Published : Oct. 31, 2014 - 22:06
Bistro Seoul (Sun At Food)
Korean food and retail giants are competing to open modern hansik restaurants as Korean cuisine gains popularity among health-conscious foodies.
Armed with enough cash to make hefty investments, big names in the food and retail sectors, including Shinsegae, E-Land and CJ Group, have thrown their hats into the ring in recent years with restaurants combining style and mass-market appeal.
These restaurants are all promoting the use of fresh ingredients.
A front-runner in the hansik restaurant competition is CJ Foodville, the restaurant arm of CJ Group, which launched Season’s Table in July 2013.

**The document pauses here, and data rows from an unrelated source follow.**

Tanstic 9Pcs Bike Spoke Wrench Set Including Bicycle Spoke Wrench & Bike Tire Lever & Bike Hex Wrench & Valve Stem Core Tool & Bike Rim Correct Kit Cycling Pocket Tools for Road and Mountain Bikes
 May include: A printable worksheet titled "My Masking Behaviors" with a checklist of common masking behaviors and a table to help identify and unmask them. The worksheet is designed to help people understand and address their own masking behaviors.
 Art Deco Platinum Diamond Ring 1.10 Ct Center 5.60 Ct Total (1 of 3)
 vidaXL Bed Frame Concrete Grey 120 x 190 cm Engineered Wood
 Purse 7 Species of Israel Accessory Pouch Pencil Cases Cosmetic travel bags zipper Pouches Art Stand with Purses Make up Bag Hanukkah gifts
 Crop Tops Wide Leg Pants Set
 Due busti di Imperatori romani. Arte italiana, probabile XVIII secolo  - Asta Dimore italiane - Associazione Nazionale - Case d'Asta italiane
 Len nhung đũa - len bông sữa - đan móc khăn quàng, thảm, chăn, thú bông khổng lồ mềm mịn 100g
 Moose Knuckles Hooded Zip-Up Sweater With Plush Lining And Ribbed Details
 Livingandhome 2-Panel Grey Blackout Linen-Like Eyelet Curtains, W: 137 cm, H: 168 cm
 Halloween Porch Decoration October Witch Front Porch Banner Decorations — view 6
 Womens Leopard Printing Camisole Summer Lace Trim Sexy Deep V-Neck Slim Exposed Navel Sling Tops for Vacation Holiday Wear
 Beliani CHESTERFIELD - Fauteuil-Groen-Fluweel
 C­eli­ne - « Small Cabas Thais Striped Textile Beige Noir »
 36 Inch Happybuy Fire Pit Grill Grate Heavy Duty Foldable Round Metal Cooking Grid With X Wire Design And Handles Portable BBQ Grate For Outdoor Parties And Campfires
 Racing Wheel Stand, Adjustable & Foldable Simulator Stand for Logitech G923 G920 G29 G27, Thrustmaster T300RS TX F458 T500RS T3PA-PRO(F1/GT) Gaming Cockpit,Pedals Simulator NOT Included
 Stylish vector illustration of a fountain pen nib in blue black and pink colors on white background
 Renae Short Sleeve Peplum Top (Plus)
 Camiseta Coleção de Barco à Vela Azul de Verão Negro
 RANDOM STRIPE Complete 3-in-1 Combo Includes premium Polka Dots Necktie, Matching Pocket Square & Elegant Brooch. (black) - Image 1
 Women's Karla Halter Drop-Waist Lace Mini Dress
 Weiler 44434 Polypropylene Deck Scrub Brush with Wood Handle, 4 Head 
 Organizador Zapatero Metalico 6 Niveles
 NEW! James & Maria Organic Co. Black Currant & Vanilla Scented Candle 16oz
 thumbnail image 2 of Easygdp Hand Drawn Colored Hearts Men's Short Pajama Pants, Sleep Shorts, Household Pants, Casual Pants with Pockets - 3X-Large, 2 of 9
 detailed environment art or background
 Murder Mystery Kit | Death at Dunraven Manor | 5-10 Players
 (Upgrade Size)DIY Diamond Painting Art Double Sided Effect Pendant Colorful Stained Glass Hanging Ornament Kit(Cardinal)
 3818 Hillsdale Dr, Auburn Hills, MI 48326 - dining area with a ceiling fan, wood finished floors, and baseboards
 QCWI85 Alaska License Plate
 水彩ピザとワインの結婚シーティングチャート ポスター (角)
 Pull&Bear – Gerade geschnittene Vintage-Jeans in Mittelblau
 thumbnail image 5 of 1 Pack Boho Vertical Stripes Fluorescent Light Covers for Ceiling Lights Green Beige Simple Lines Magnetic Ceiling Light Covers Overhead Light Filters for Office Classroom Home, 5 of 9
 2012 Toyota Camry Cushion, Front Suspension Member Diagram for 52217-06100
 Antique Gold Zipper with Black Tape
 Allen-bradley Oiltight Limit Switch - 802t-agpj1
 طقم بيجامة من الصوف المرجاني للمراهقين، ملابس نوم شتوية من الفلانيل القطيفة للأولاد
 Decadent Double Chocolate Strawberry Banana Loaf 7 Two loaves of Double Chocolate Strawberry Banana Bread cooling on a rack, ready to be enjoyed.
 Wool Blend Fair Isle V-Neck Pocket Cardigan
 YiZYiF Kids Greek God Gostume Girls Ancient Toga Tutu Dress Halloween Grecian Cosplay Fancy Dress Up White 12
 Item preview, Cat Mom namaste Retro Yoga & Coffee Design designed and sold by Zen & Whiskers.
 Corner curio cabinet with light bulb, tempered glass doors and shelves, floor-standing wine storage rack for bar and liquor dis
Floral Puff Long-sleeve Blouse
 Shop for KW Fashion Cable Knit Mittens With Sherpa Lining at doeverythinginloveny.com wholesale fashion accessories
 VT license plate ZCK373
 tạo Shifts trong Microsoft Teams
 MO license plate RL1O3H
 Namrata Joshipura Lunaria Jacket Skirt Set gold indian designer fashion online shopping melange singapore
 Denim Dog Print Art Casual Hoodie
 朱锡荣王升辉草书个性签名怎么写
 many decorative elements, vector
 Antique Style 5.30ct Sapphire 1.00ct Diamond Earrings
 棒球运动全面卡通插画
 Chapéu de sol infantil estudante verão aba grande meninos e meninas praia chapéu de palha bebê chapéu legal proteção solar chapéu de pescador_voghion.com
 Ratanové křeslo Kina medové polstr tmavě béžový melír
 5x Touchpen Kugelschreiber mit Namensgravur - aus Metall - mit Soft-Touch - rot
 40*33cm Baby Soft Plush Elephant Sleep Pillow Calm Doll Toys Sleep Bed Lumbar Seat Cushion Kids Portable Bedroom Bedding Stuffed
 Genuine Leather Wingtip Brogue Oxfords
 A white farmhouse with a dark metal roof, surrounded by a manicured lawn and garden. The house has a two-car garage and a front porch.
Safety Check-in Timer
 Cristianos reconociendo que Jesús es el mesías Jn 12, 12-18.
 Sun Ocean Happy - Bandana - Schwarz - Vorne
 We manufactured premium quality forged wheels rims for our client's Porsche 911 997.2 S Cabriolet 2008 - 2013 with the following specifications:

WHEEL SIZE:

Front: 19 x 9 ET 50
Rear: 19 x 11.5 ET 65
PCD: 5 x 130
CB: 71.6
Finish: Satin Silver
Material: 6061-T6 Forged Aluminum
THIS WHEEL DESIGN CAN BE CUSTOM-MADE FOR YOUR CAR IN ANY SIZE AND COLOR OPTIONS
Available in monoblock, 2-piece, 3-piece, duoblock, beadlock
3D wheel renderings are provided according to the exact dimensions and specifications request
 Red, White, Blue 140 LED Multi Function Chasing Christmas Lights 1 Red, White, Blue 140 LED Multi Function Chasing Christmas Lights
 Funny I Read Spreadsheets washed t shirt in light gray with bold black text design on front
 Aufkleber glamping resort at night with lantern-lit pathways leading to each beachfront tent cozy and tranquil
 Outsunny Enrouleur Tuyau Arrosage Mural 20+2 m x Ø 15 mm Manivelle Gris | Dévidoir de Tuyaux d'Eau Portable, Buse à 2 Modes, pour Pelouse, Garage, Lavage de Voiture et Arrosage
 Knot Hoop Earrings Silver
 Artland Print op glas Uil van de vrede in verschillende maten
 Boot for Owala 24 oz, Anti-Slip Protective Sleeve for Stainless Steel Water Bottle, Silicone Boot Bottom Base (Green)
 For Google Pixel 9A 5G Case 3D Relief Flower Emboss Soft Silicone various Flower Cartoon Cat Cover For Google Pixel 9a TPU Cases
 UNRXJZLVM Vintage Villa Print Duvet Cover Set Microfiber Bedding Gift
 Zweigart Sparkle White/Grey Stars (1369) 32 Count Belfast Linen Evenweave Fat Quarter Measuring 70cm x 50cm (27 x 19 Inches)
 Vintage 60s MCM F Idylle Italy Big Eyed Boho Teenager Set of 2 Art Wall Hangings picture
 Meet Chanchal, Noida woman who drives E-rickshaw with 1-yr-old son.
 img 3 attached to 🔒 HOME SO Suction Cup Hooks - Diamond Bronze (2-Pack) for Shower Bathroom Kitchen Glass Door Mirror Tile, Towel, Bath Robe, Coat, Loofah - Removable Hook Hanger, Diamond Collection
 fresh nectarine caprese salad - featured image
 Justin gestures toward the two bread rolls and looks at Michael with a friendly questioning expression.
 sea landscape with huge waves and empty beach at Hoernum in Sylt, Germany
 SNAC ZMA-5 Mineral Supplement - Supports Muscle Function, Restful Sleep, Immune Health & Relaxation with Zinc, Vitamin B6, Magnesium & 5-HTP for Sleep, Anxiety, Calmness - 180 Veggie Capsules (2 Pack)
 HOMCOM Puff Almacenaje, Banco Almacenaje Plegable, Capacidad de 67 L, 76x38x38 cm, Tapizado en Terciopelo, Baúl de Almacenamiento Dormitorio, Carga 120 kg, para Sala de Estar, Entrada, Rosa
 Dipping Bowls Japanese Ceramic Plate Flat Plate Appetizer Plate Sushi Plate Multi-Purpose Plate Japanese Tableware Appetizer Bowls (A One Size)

Season’s Table is a Korean food buffet that offers around 70 dishes for 13,900 won to 22,900 won ($13-$22), depending on the day and the time.
“Waits for reservations can be more than a month and it’s getting more popular through word-of-mouth,” Hong Yeon-gyung, a representative at CJ Foodville said.
Hong said the Korean buffet’s popularity can be attributed to consumers’ thirst for a new experience of traditional Korean dishes.
“Our dishes using seasonal ingredients and our modern and cozy atmosphere certainly appeal to consumers,” Hong said.
She added that typical Korean traditional meals are perceived as not suitable for casual dining, which was a problem that many food chains struggled to overcome.
Quickly following the trend, Shinsegae Food launched a Korean grill buffet outlet named olbaan earlier this month in Yeouido, Seoul.
The restaurant focuses on premium quality ingredients transported directly from different provinces. Prices range from 14,900 won to 22,900 won.
Shinsegae officials said it would quickly expand the number of branches in the country, with the second olbaan opening in Banpo, Seoul, in November.
E-Land also opened a Korean buffet in April, operating six branches as of October. The company said it would open four more branches by the end of the year, including one in Daegu.
“The traditional Korean food market is polarized into restaurants offering expansive traditional course menus, so-called Hanjeongsik, and ones with affordable one-course meals,” Shinsegae Food’s food culture DIV vice president Han Dong-yeom said.
“The era of modern Korean cuisine has just started.”